That is the nature of life – a cumulation of things done and undone – and we carry all of this with us until the very end. Clem wanted to skip out on the pain that comes with mourning the loss of her relationship. It was easier not to deal with it, rather than deal with the pain of slowly getting over someone. Yet, through some crazy sense of fate, both Clem and Joel end up falling in love with each other all over again. We don’t realise that the first 18 minutes of the film are them meeting for the first time after getting their memories erased, so we assume it’s the first time, until the events play out and we realise from Clem’s hair that this is the present and not the past. As they deal with the glow of a new beginning, Kirsten Dunst’s character Mary sends them the tape and file of their records of the procedure, which leads to both of them learning that they had been in a relationship before, they just forgot.

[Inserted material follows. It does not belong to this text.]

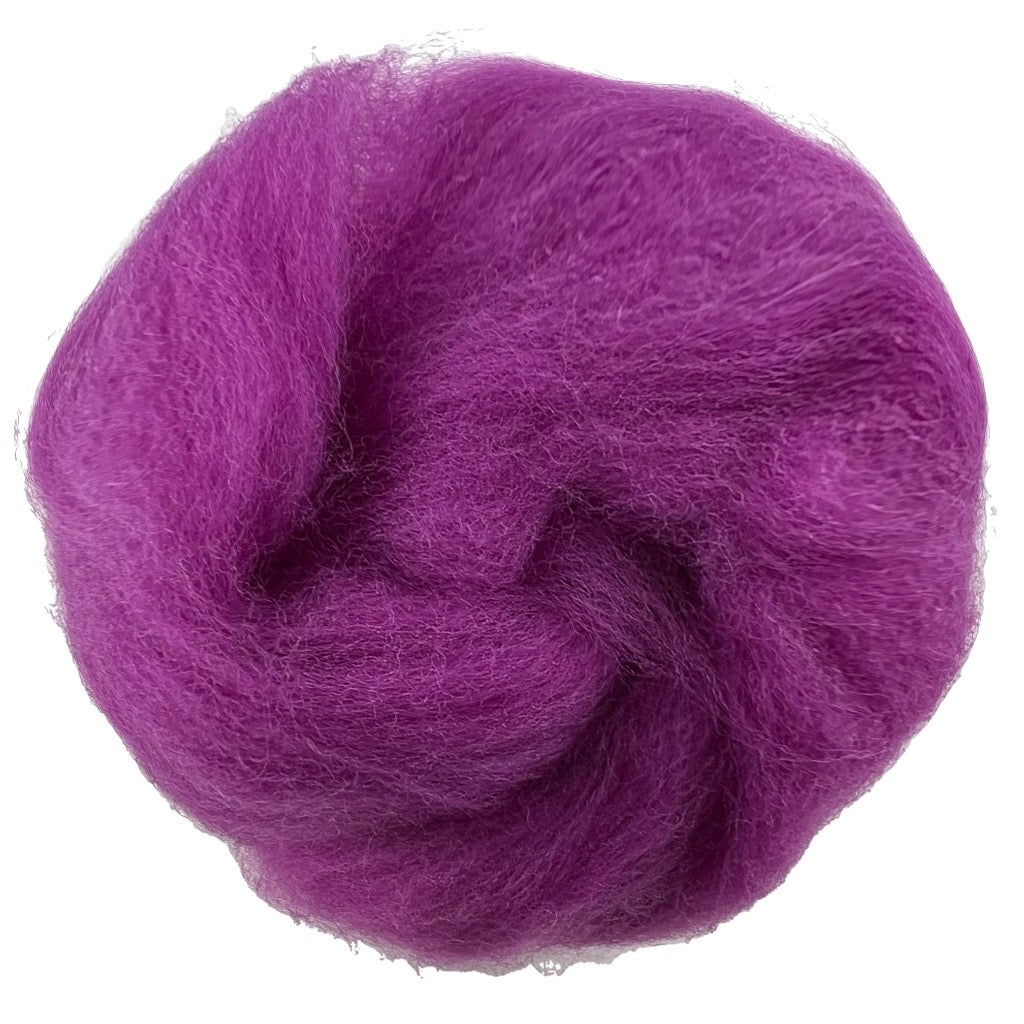 Corriedale Fibre 023 Magenta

Their individual tapes lay everything out in the open, all the negative things they perceived about each other, and the reasons that led to the relationship ending. Yet, despite knowing how everything collapses around them, and that the relationship they had before didn’t work, this doesn’t stop them from restarting things again. Why? Shouldn’t they avoid each other altogether if things are probably just going to end the same way? Well, no, because every relationship begins with a leap of faith, a pledge to love someone to the best of your ability, even if there’s an expiration date attached.

As humans, we’re so afraid of pain, of being hurt and dealing with loss. I was so afraid of feeling the pain of my memories that I avoided this movie for a whole decade. No one wants to bask in the open wound of a beating heart. But should we allow pain to determine how we love? The movie makes it clear that even when Clem is given the safer option, a yes man in Patrick (Elijah Wood) who would give in to her every whim, she doesn’t want that, she wants what she has with Joel. Real love is messy, boring, and it can sometimes take you outside your own sense of agency. But without it, we would lead spotless lives, and where’s the fun in that?